Ed has a slow wake up this morning and so I spend a long while deadheading spent flowers (and admiring those that are showing off for me and you right now).
By breakfast, I've put in a hefty chunk of time in the yard (and racked up some 1000 steps -- which isn't much, but trimming plants is all about stretching, so couple that with yoga like poses and please ignore what the damn step counter tells us).
Our morning meal never changes for me, but it varies for Ed. Pancakes, cereals, left overs, eggs -- these shift according to his whimsey. Oftentimes he'll say "just fruit." Maybe with a big gulp of kefir.
And since I had worked from the early hours, there is no guilt at all in taking my computer, my magazine, myself to the porch now and staying there. Because the air is lightly cool, the sky is partly cloudy and it is just so exhilarating to gently rock and look out occasionally at the world before you. (When I'm on the porch, the hens often congregate right outside.)
But, it also feels significantly decadent. Reading about travel possibilities feels decadent. Being without a schedule this week feels decadent.
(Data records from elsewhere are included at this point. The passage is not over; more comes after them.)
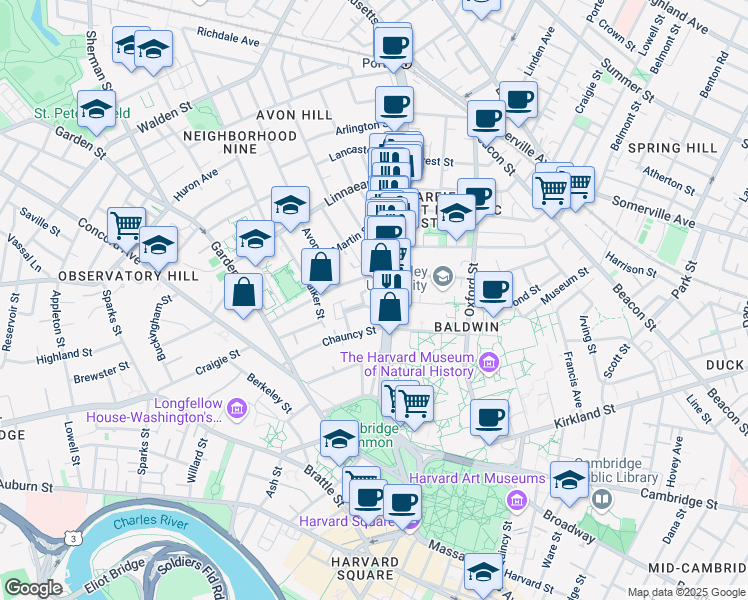 map of restaurants, bars, coffee shops, grocery stores, and more near 19 Rutland Street in Cambridge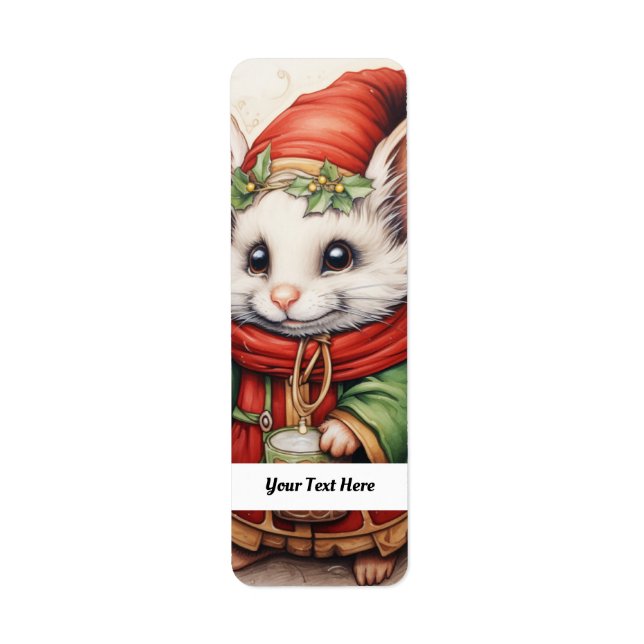 Christmas Mouse 3 Your Text Here Label (Front)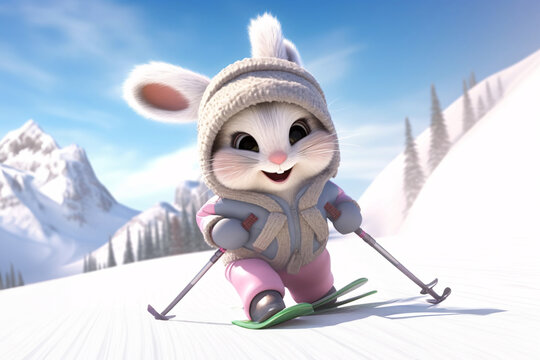 Cute bunny skiing in the mountains. 3d illustration. Cartoon character.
Not worrying about a syllabus for classes feels ultra decadent.
It can't last, can it, this luxurious world of free time?
We do push ourselves some in the later afternoon. It's been a while, a really long while since I've gone on a longer bike ride with Ed and so we do a rural road loop today -- not more than twenty miles, but with some hills, which is always painful for me and effortless for Ed.
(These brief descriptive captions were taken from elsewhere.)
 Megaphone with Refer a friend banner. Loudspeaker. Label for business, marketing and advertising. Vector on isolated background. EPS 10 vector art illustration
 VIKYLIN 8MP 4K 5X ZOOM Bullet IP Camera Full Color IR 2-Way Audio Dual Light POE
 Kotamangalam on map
Why do I need to pedal ten times for your one push?
Why do you always ask this when we go biking?
Are there more hills?
I can't recall. Probably. You can walk them.
Never!
Why not?
I want to keep up!
A typical conversation I'll have with Ed while trying to retain a sprightly pace on the bike.
I suppose the scenery says it all -- at first, I'm convinced we are just at the cusp of summer.
(bee hives!)
...eventually, I see enough to warn me otherwise.
(harvested fields)
Wheat isn't the most commonly encountered crop here -- we're all about corn and soy -- and so when I see wheat, I am entranced. I grew up in wheat and potato country. I know these strips of gold.
Funny how this season has you wishing for just a bit more time, even as winter has you counting the days until spring. Summer here is that good.
We pick up corn at a roadside stand. It's young and tender and wonderful. Supper takes no imagination. Whatever you make now is going to be good. I promise. (Just don't overcook it!)